I think that CAS does an API ping to check availability. At least that's
what I saw in the code when I took a peak a couple of months ago. We're
also on DUO1, and that was succeeding during the DUO1 outages. In fact,
it immediately succeeded. I even called out the fact that this was
happening to Duo, and they directed me to the contingency plan document.
The issue during those outages was that all of the requests were queuing
up, and so the connection was alive, but nothing useful was happening.
Not sure what sort of timeouts are involved, but they are quite long.

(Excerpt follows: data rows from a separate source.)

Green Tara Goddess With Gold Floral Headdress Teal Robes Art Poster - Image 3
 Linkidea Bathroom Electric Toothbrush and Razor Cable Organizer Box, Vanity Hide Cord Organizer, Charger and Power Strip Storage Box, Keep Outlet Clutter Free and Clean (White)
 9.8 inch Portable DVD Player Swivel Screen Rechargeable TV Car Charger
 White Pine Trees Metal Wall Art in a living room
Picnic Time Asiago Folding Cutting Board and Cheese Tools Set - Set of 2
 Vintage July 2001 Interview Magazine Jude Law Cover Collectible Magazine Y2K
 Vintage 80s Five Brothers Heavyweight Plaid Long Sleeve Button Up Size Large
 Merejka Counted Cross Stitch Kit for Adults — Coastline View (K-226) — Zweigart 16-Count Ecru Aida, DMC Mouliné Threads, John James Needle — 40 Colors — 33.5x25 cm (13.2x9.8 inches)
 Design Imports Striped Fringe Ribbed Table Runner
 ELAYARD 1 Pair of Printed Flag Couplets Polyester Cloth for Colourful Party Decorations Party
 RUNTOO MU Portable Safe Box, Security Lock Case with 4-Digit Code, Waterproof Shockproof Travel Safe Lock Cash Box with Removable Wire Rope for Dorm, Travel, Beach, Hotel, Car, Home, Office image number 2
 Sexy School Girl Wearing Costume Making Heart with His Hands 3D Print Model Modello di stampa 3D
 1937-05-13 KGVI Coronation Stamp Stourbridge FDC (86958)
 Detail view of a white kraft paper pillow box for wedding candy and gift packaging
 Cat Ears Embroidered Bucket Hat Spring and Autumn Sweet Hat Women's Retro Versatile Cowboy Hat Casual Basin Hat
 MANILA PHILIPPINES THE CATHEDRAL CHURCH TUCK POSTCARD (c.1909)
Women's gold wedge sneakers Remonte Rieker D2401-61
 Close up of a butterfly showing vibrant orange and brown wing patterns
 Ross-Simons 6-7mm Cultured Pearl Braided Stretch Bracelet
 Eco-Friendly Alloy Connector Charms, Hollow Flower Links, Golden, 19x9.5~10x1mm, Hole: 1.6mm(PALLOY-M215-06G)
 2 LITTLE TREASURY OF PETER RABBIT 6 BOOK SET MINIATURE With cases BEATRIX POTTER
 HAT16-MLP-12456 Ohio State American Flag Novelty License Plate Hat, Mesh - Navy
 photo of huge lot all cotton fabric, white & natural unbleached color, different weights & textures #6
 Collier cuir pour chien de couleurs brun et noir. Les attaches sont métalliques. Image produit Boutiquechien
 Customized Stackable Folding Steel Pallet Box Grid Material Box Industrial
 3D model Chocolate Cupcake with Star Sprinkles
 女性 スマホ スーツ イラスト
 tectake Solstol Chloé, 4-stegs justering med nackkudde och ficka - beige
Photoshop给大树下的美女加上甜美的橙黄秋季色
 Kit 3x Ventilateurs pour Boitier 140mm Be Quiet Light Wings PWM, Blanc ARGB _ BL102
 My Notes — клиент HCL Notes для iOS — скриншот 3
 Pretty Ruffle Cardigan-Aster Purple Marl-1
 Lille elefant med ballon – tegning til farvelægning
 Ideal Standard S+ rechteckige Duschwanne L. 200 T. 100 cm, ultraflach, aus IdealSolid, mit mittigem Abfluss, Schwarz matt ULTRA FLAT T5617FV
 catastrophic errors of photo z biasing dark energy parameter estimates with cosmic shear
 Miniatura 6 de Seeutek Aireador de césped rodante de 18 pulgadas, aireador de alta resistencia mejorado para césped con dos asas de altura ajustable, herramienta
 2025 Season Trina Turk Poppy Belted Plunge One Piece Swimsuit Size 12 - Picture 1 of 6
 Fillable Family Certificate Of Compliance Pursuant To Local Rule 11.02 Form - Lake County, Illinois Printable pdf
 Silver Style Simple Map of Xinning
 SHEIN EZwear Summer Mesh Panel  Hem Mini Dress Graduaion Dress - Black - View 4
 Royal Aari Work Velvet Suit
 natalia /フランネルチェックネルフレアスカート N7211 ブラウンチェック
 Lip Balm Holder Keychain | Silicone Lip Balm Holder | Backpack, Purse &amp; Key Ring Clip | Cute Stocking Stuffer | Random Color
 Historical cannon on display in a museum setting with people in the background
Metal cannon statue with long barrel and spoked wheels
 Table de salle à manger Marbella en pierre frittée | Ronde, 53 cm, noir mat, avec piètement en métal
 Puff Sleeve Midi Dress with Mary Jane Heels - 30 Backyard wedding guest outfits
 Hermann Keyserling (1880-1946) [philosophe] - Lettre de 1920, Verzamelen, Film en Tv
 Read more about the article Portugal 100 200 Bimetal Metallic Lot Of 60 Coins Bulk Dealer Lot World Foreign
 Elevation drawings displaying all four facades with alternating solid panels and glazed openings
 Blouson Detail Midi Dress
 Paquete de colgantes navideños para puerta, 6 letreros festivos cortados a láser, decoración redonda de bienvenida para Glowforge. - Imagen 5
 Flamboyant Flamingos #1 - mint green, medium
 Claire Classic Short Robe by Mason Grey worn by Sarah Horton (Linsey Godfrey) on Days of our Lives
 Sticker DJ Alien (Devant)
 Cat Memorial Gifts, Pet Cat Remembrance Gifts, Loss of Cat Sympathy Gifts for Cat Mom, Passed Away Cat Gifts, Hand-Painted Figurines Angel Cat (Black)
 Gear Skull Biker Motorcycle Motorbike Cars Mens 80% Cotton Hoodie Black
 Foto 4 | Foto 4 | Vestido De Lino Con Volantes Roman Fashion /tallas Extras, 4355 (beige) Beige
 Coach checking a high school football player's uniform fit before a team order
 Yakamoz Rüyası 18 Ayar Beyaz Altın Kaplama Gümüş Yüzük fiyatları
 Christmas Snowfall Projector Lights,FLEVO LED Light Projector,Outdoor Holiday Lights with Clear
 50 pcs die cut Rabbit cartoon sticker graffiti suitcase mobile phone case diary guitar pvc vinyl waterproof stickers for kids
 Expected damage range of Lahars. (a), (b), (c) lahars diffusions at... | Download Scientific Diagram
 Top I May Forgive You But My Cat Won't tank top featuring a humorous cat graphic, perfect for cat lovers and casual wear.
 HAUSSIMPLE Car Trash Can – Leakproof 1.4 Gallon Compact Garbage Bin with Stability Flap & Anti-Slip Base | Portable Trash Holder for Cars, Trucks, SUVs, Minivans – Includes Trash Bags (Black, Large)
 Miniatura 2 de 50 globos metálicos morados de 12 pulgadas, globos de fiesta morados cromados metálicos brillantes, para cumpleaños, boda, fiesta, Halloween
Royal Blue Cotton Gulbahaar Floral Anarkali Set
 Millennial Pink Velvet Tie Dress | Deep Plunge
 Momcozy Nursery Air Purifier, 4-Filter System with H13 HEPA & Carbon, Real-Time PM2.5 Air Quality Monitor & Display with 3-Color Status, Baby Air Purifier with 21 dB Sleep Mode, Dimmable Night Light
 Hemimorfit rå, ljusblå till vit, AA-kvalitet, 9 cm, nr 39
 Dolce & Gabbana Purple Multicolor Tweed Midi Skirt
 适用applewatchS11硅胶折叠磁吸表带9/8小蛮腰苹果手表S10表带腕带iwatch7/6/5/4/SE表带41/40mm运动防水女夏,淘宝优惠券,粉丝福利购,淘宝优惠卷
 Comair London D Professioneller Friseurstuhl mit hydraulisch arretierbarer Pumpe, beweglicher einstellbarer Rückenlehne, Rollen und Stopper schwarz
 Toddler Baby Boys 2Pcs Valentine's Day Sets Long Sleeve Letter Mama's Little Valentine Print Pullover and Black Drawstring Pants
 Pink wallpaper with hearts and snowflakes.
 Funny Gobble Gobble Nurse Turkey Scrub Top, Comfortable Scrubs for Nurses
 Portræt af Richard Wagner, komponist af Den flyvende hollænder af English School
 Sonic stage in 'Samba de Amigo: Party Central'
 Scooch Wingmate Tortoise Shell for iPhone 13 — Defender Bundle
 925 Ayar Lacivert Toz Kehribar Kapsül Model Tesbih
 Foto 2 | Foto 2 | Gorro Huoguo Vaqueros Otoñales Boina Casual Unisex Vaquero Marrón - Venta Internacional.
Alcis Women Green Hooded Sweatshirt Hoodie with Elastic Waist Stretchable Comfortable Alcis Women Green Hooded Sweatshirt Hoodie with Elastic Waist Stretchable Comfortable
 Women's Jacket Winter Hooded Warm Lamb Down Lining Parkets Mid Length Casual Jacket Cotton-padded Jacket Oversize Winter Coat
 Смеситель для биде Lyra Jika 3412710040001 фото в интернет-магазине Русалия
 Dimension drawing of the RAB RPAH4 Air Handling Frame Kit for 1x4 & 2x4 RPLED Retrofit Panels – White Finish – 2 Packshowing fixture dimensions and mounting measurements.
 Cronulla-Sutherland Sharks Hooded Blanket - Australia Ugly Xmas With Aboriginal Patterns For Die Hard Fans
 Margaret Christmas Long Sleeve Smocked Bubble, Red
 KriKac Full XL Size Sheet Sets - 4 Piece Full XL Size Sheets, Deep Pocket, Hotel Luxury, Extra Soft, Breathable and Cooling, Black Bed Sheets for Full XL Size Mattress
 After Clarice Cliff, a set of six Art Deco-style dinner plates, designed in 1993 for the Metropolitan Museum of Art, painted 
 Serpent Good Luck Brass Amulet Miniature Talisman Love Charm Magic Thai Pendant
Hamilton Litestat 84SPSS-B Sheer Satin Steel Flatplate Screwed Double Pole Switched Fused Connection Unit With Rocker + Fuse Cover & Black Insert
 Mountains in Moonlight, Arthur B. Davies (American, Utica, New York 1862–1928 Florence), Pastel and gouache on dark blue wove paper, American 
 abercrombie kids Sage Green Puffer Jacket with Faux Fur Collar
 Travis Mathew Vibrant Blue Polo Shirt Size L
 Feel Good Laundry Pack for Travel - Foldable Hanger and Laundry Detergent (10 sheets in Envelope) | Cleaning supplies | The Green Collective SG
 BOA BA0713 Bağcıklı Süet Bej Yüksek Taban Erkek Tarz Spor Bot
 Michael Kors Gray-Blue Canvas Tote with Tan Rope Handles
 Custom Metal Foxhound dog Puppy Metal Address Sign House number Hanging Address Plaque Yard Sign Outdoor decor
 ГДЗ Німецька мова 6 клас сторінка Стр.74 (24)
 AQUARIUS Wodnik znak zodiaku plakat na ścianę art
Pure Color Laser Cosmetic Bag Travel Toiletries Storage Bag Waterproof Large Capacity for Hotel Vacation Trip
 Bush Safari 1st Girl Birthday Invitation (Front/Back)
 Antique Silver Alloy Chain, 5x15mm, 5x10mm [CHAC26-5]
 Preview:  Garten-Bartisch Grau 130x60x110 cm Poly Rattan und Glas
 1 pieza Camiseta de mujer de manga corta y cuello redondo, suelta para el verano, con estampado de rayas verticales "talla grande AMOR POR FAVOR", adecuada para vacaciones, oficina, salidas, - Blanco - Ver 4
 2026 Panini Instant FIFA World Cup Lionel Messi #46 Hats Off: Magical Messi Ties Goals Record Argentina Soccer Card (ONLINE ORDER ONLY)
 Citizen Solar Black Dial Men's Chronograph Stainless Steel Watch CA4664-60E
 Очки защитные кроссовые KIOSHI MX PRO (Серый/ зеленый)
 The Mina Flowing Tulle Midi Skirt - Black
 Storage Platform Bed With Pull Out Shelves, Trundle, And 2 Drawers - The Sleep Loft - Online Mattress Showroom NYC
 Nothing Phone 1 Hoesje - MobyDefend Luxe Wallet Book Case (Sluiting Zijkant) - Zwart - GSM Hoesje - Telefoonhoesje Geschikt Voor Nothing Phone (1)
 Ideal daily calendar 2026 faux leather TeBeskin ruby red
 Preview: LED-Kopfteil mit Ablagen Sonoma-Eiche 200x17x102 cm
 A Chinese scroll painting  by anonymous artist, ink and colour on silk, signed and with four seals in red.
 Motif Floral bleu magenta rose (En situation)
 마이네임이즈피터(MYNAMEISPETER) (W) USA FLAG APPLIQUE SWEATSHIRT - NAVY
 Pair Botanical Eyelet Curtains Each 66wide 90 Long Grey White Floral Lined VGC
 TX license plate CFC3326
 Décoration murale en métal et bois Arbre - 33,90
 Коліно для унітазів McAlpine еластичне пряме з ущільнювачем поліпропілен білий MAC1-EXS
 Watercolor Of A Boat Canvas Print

During the first outage, it was failing for us at the Duo widget display
screen. During the second outage, it was failing after credentials, but
before the widget screen. I haven't looked, but I'm guessing that CAS is
doing some sort of pre-auth or other API check after login, and before
widget display to decide if that should be invoked. Given that the page
rendered, but the widget didn't, it looks like the failure from the
first outage (at least for us) was a timeout on the browser side, which
isn't something that CAS will be able to detect. Being able to timeout
on the CAS side quickly would have helped with the second time. I don't
think we're configured to fail open, but I also don't think that would
have helped.
How are you deciding to do Duo? We're doing a AD group check. So our
contingency was/is to change the config file to any group that doesn't
match an existing group. Then the local check fails and it doesn't even
try Duo. That requires human intervention. But a quick touch of the
config file after change causes it to immediately reload and take the
changes into effect. We do something similar with Shibboleth IdP for
InCommon.